Not only “immortal” but innovative too. For from the third concerto on, Beethoven not only expanded the proportions of his works, making them truly symphonic, but successfully managed to forge a new relationship between piano and orchestra. Whereas in Mozart’s concertos soloist and ensemble work in tandem, in Beethoven’s the soloist is clearly the hero. And this is already clear from the different ways in which the soloist makes his first entrance. In the C minor concerto, for example, with its long modulating tutti, the piano begins with an imposing scalar passage, leading to a four octave presentation of the main theme; the symphonic proportions of the orchestral part notwithstanding, it is clear who is in charge here. As for the G major concerto, here the piano begins alone, then remains silent for the rest of the orchestral exposition – in this way it is a “present absence”, having already established its dominant role in the proceedings. Most striking of all, perhaps, is the “Emperor”, where three orchestral chords punctuate a series of almost improvisatory phrases: the “hero” of the piece could not be more obvious, nor the monumental scope of the work more clearly marked out.

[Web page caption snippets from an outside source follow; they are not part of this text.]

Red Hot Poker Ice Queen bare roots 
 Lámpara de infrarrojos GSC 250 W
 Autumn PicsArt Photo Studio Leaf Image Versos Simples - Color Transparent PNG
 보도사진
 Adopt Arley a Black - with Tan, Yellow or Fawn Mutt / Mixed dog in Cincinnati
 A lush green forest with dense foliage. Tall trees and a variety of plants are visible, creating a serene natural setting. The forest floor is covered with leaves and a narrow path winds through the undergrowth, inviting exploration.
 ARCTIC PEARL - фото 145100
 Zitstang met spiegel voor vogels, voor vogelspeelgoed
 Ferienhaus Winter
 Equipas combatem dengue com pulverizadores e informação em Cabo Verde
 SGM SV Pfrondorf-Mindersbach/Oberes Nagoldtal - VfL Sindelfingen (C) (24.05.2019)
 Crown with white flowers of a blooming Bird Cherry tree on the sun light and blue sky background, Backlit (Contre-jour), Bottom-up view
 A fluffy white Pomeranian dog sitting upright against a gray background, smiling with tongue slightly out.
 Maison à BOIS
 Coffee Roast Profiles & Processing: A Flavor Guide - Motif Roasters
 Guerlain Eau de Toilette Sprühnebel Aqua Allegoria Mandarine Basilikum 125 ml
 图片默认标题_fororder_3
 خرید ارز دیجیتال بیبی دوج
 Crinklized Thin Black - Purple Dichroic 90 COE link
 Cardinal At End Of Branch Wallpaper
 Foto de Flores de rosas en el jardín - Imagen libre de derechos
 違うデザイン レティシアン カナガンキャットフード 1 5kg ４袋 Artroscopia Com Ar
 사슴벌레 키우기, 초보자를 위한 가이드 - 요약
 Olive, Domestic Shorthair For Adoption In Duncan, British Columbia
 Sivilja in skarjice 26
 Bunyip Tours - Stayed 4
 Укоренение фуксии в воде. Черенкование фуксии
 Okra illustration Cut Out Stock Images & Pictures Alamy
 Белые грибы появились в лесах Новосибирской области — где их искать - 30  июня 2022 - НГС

These novel openings are not isolated features of the concertos – in virtually every respect Beethoven’s last three concertos break the mould of the Mozartean concerto by including larger numbers of themes, more substantial orchestral sections, movements that run into each other and distant tonal relations (the slow movement of the C minor concerto, for example, is in the unrelated key of E major and the first movement of the “Emperor” modulates from E flat major via B minor to C flat major). In short, they increasingly cast the composer, not the performer, as the works’ “hero”. The bond between composer and performer is definitively broken, as Leon Plantinga notes, in the “Emperor”, the only one of Beethoven’s piano concertos not to be premiered by the composer himself. Perhaps it is for this reason that Beethoven was unable to complete even the first movement of a sixth concerto that he started in 1815, long after he had given up his performing career.